▶ **Recorded information**
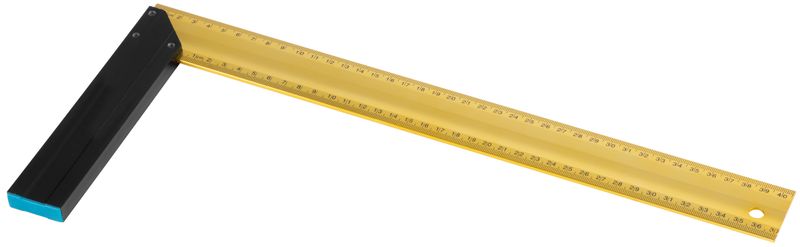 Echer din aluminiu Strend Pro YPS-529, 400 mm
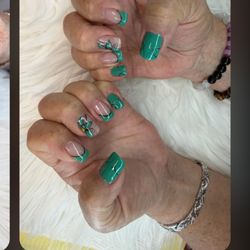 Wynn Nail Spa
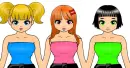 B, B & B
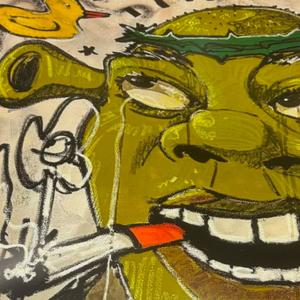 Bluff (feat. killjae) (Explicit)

▶ **Description of the task**
Your copy should match the data exactly, apart from the images, which are dropped.

▶ **Written reply**
 Echer din aluminiu Strend Pro YPS-529, 400 mm
 Wynn Nail Spa
 B, B & B
 Bluff (feat. killjae) (Explicit)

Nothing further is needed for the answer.